### Available data
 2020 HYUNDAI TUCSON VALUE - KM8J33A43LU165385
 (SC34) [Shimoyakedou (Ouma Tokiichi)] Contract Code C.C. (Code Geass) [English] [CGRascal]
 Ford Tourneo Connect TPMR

...

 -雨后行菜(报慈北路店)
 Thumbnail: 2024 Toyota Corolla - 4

* * *

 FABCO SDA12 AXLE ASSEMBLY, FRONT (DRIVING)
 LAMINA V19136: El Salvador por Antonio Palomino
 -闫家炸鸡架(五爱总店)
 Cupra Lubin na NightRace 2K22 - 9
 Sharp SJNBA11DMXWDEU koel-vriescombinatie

### Task directions
All lines above from the one with "2020 HYUNDAI TUCSON" to the one with "Ford Tourneo Connect TPMR", inclusive, should be copied exactly, and no other lines.

### Solution to the problem
 2020 HYUNDAI TUCSON VALUE - KM8J33A43LU165385
 (SC34) [Shimoyakedou (Ouma Tokiichi)] Contract Code C.C. (Code Geass) [English] [CGRascal]
 Ford Tourneo Connect TPMR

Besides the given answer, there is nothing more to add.